The United Auto Workers (UAW) and the Detroit Three automakers on Thursday have a final full day to make significant progress on a new contract before the union plans to otherwise announce an expansion of its U.S. strikes.
The standoff is fueling worries about prolonged industrial action that could disrupt production and ripple through the supply chain and dent U.S. economic growth.
The UAW last week launched unprecedented, simultaneous strikes at one assembly plant each of General Motors, Ford and Chrysler parent Stellantis.
General Motors said in a statement that it was forced to idle its Fairfax Assembly Plant in Kansas City, Kansas, due to the UAW’s strike at GM’s Wentzville Assembly Plant in Missouri. The Wentzville plant sends metal stampings to Fairfax. “It is unfortunate that the UAW leadership’s decision to call a strike at Wentzville Assembly has already had a negative ripple effect, with GM’s Fairfax Assembly plant in Kansas being idled today and most of its represented team members leaving the plant as there is no work available,” GM said in a statement.
Chrysler-parent Stellantis said Wednesday it will temporarily lay off 68 employees in Ohio and expects to furlough another 300 workers in Indiana because of the United Auto Workers strike at a Jeep assembly plant in Toledo. Stellantis said it will immediately furlough 68 employees at its Toledo Machining Plant in Perrysburg, Ohio, citing storage constraints. Stellantis anticipates similar actions at Kokomo Transmission and Kokomo Casting in Kokomo, Indiana, impacting an estimated 300 additional employees.
UAW President Shawn Fain said in a video released late on Monday that he would announce an expansion of the strikes at 12 p.m. EDT on Friday (1600 GMT), barring “serious progress” in talks.
“We’re not waiting around. And we’re not messing around,” he said at the time.
UAW workers are expected to rally at one of Ford’s two Louisville, Kentucky assembly plants on Thursday evening in support of workers striking at other plants.
The city is home to Ford’s Louisville assembly plant and its Kentucky truck plant. Ford CEO Jim Farley has previously said the Kentucky truck plant, which assembles F-Series trucks, is the company’s most profitable plant globally.

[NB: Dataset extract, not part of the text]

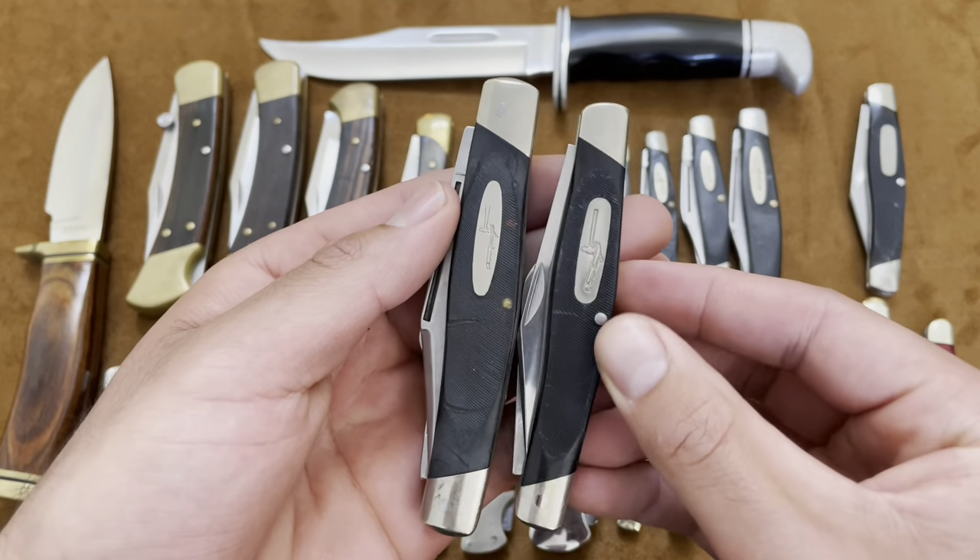This is one of my favorite China-made Bucks — the Buck 389 canoe. They did a very good job on the bone and the fit and finish of this knife. It was about $20 brand new, but good walk and talk. Nice pins, nickel silver bolsters. Most of the blade steel on these Chinese-made Bucks is 420 J2 instead of the 420 HC that's heat treated by Paul Bos on the USA-made Bucks.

Analysts expect plants that build high-margin pickup trucks such as Ford’s F-150, GM’s Chevy Silverado and Stellantis’ Ram to be the next targets if the walkout continues.

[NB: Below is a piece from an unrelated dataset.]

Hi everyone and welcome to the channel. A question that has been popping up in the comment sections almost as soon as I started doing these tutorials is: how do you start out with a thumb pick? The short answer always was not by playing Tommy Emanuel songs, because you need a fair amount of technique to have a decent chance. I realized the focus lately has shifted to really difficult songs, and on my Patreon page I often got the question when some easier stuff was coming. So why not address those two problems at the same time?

Fain has said Detroit automakers have not shared their huge profits with workers while enriching executives and investors.
GM President Mark Reuss on Wednesday rejected claims by the union that the record profits automakers make go toward fueling “corporate greed,” saying they have been reinvested in electric vehicles as well as gasoline-powered cars.

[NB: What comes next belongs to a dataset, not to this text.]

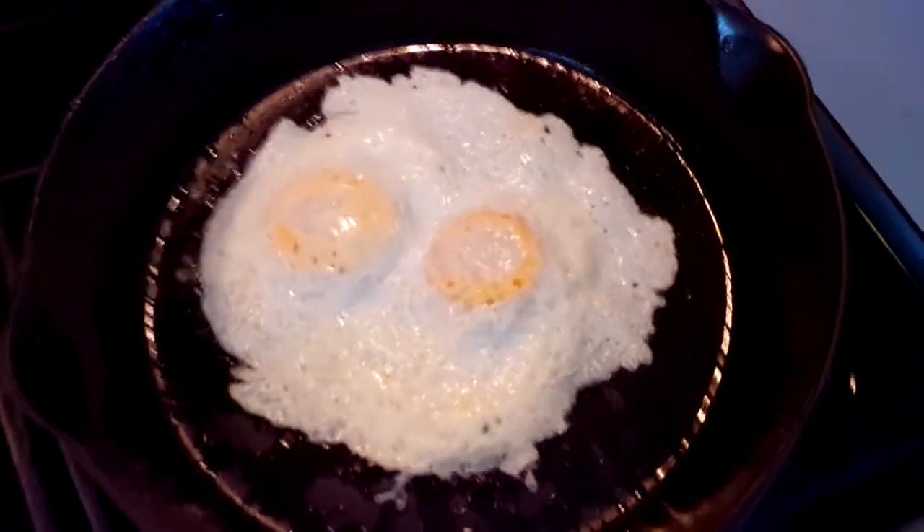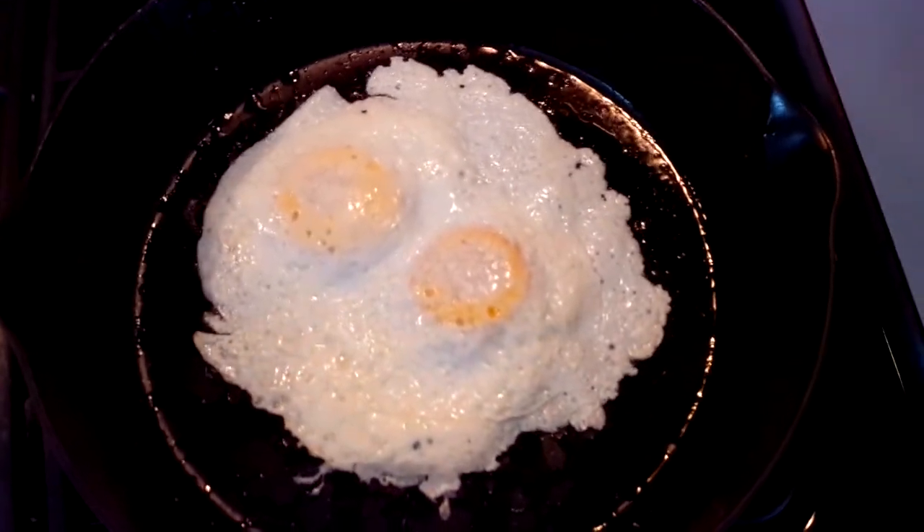And as you can see, it is slick as it can be. I hope you enjoyed this video.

In the opinion piece published in the Detroit Free Press, Reuss also called UAW’s demands for a 40% pay hike “untenable,” signaling the two sides remain far apart over the key issue.
The three automakers have proposed 20% raises over 4-1/2 years.
UAW workers also want to end a tiered wage structure that they say has created a large gap between newer and older employees, forcing some to work two jobs to make ends meet.
S&P said the strikes were highly likely to last several weeks, potentially cutting third-quarter U.S. gross domestic product by 0.39% and causing “upheaval” across global automotive supply chains.
The ongoing walkout at mid-sized truck factories benefits rival Toyota Motor, which does not have unions at its U.S. factories and is about to launch redesigned Tacoma pickup trucks, S&P added.
Tesla investors have said a potential hike in wages and benefits at Detroit competitors would widen the EV giant’s labor cost structure advantages.
Material from Reuters was used in this report.